Multithreaded-interpreter

The multithreaded-interpreter is a branch of development adding support for parallel processing to VisTrails modules. It allows to execute parts of a pipeline in parallel, or even on remote machines.

Currently, support for threads, multiprocessing and IPython has been put in.

A general description is available on Google Docs.

Introduction

In 2.0, modules execute serially; each module calls it's upstream modules' update() method recursively to execute the full graph.

Because of the way VisTrails behaves and limitations of the libraries it uses (PyQt, VTK), this should be opt-in: by default, modules should still run sequentially on a single thread.
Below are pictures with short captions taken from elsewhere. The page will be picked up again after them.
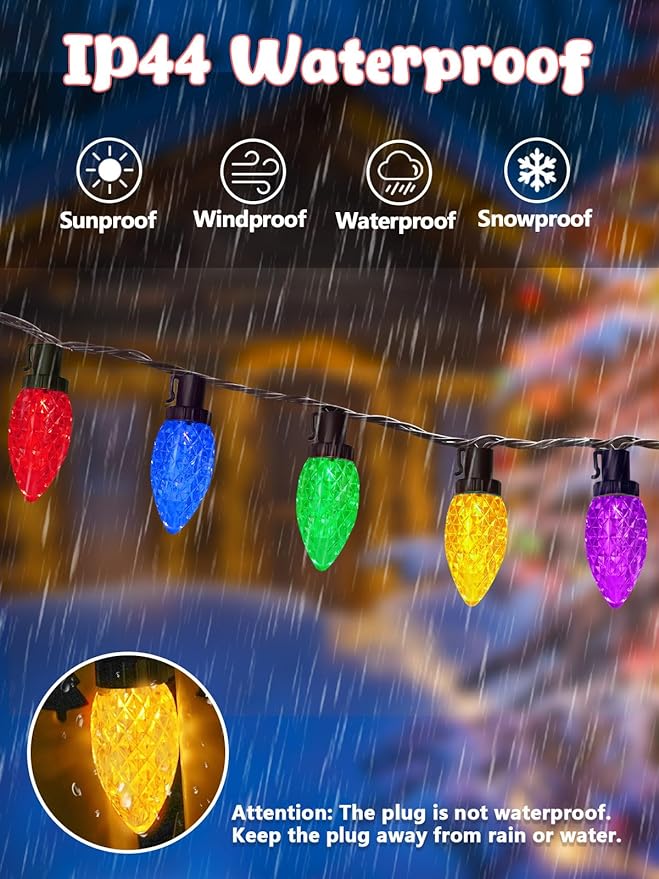 2-Pack Connectable C9 Christmas Lights Outdoor Indoor, 66 FT 100 LED Christmas String Lights Plug in with 8 Modes & Timer, Waterproof Fairy Twinkle Light for Xmas Tree Yard Decorations (Multi-colored)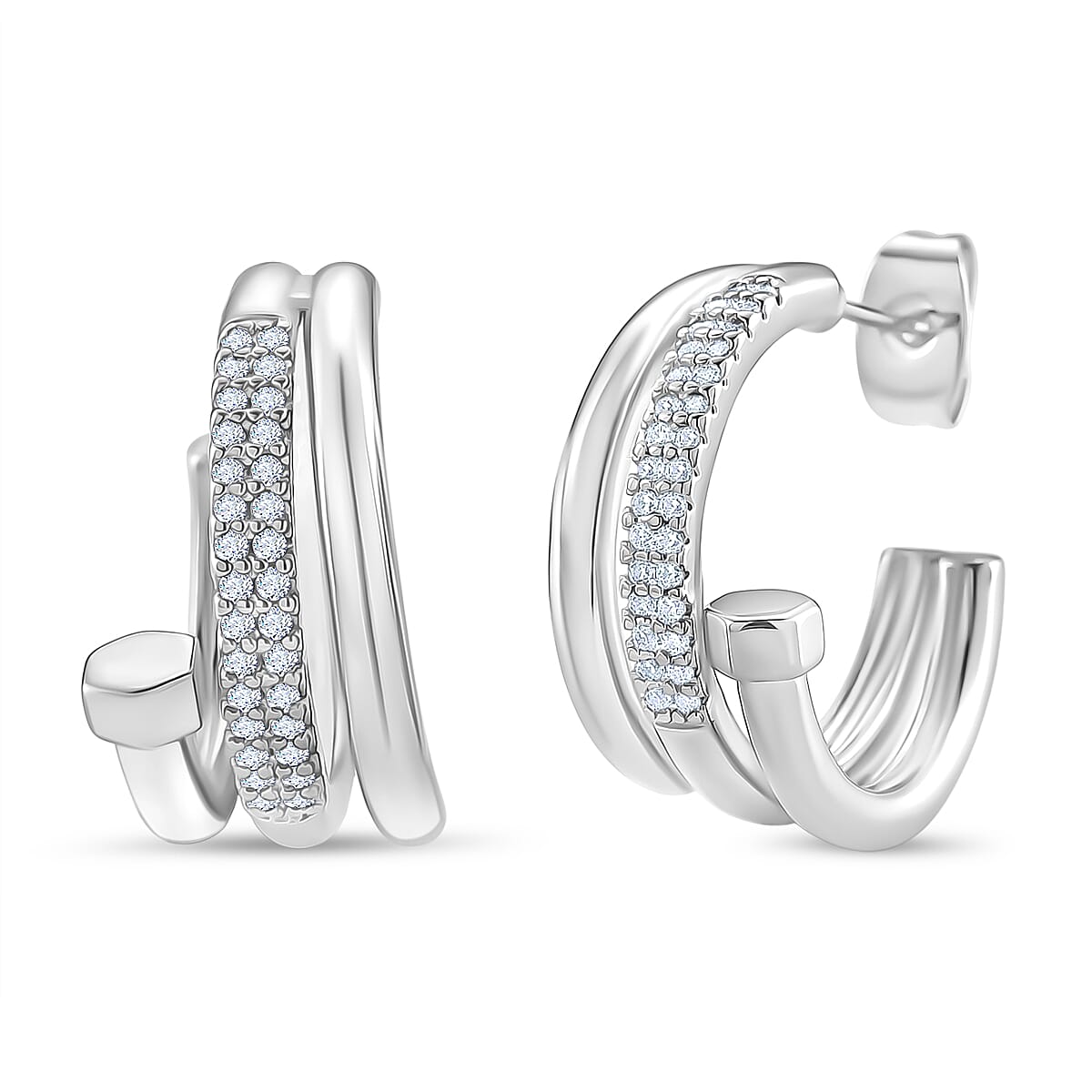 Boutique Closeout - Austrian White Crystal Earrings in Silver Plated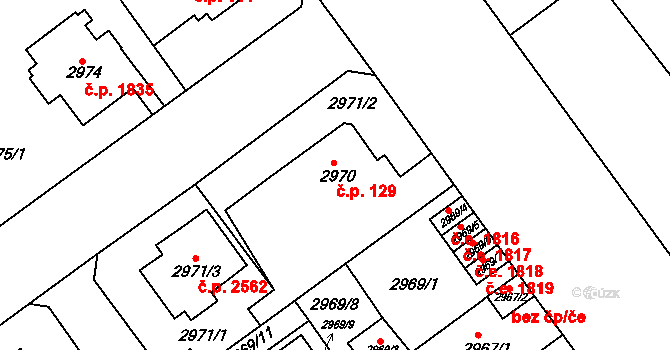 Teplice 129 na parcele st. 2970 v KÚ Teplice, Katastrální mapa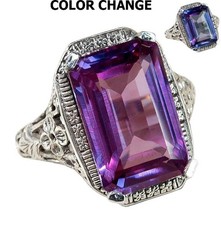16CT Natural Alexandrite 925 Sterling Silver Art Deco Ring Sz 5,6,7,8,9 RE2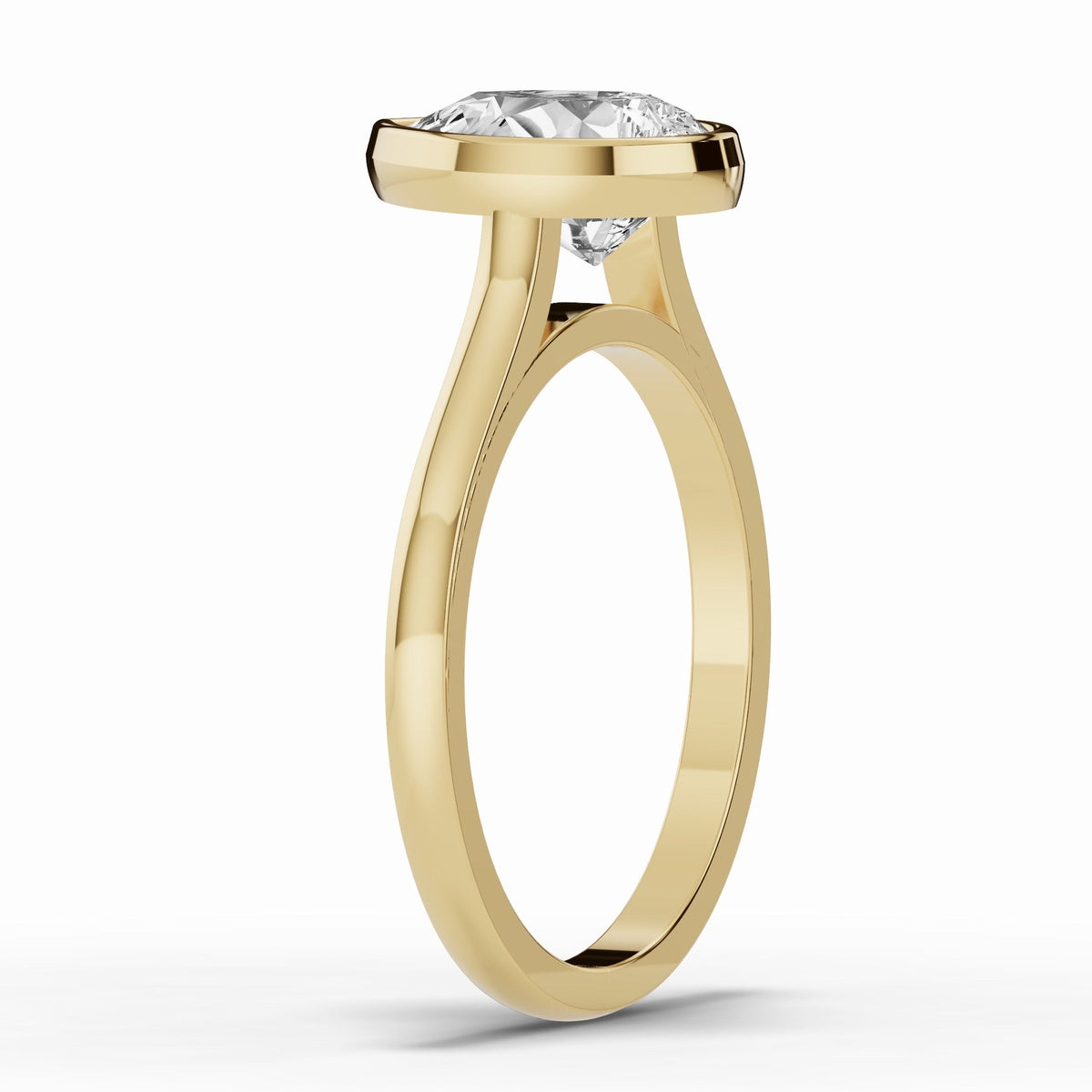 Pear Lumière Bezel Solitaire Ring ABER-104-PR-LGD-1  - Abtin & Co.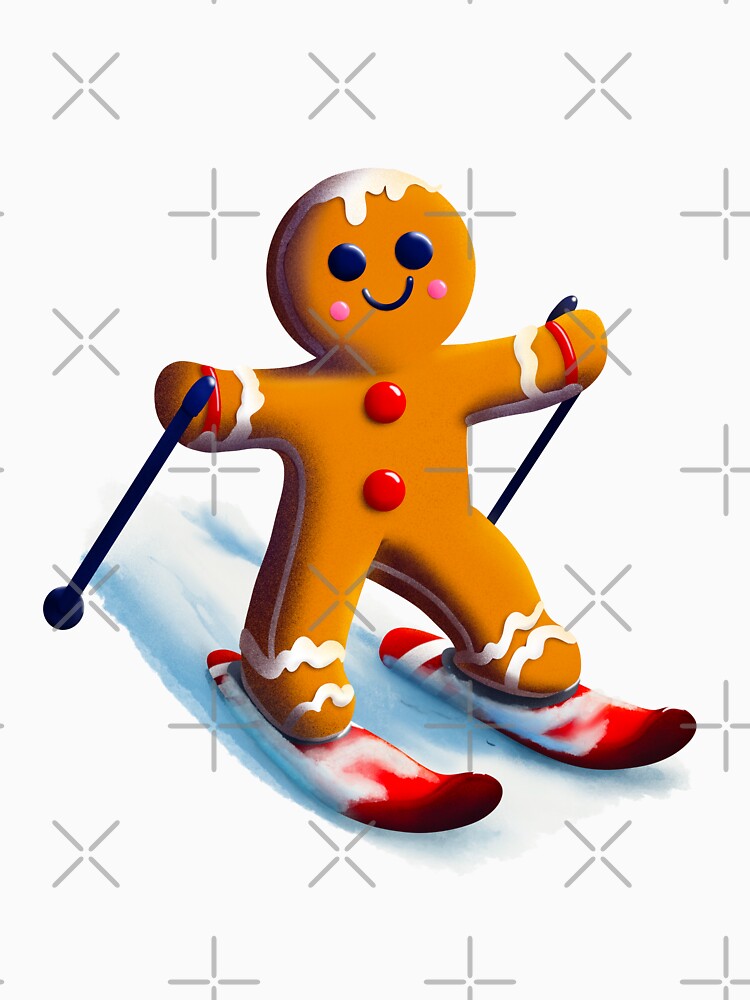 Gingerbread Man Skiing Down a Mountain (Rendered) by Charcoalart
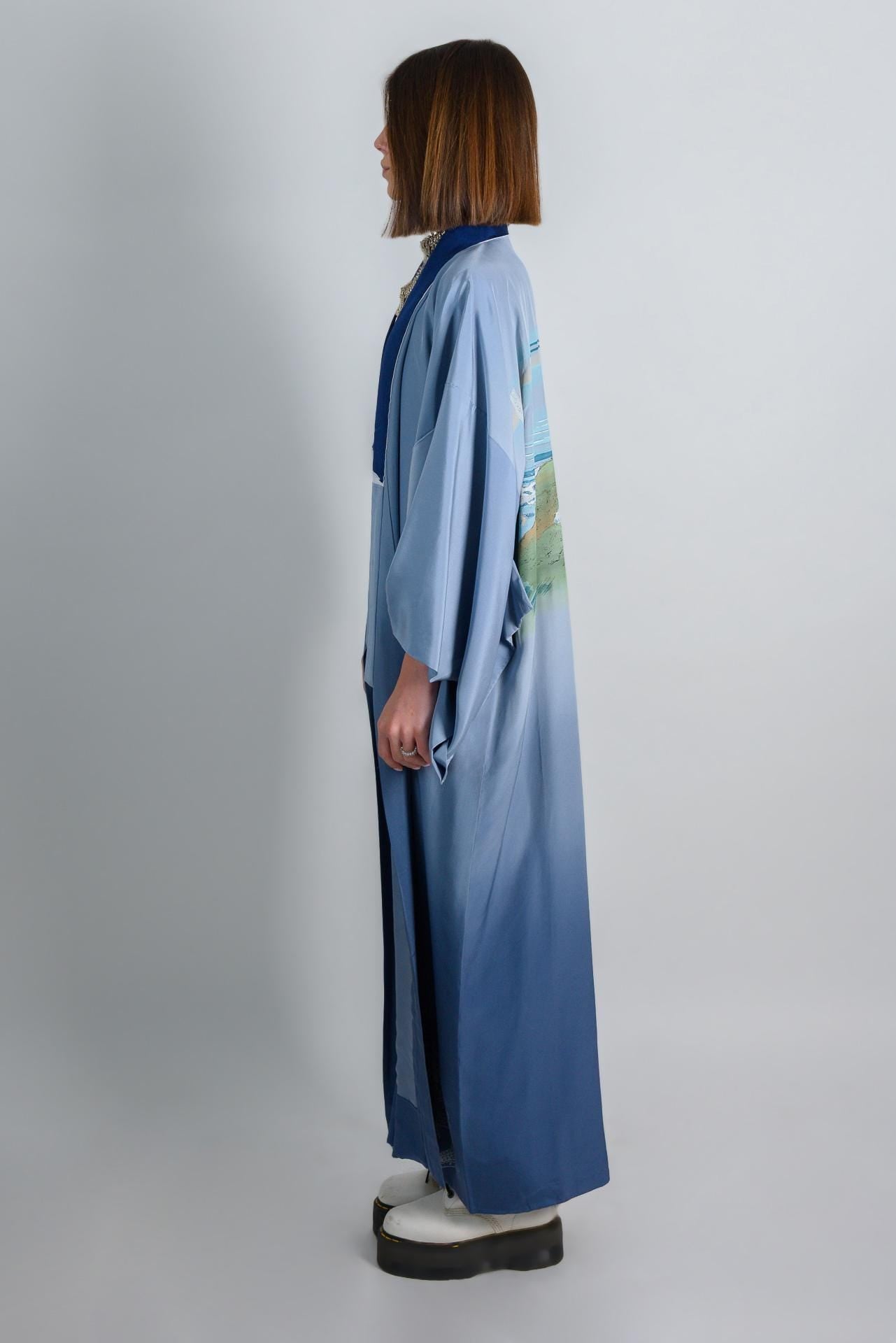 Handmade Silk Kimono Robe | Ukiyo-e Mount Fuji Print, Japanese Clothing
Modules that do support parallel execution would get executed in a different thread in parallel with each other and in parallel with classic modules, so a mechanism to allow the interpreter thread to continue while a module went to the background is necessary.

Execution logic

Currently, the execution logic for the pipeline is entirely contained in the Module class. In the update() method, a module calls update_upstream() then compute(); this first method simply calls update() on each upstream module recursively and in no particular order.

These recursive calls are incompatible with backgrounding tasks as there is no way for a module to do anything while these calls are no complete. Moreover, some modules override the update_upstream() logic, for instance the ControlFlow package (If/Default/ExecuteInOrder modules) or don’t actually use it, for instance ControlFlow’s or ParallelFlow’s Map modules.

Task system

Thus, I replaced the recursive calls with a task system (vistrails.core.task_system). This system provides a way to add tasks to be run later, and for a callback to be run when done; it also handles priorities. The system only runs tasks sequentially, but provides a way to register asynchronous tasks to support backgrounding modules.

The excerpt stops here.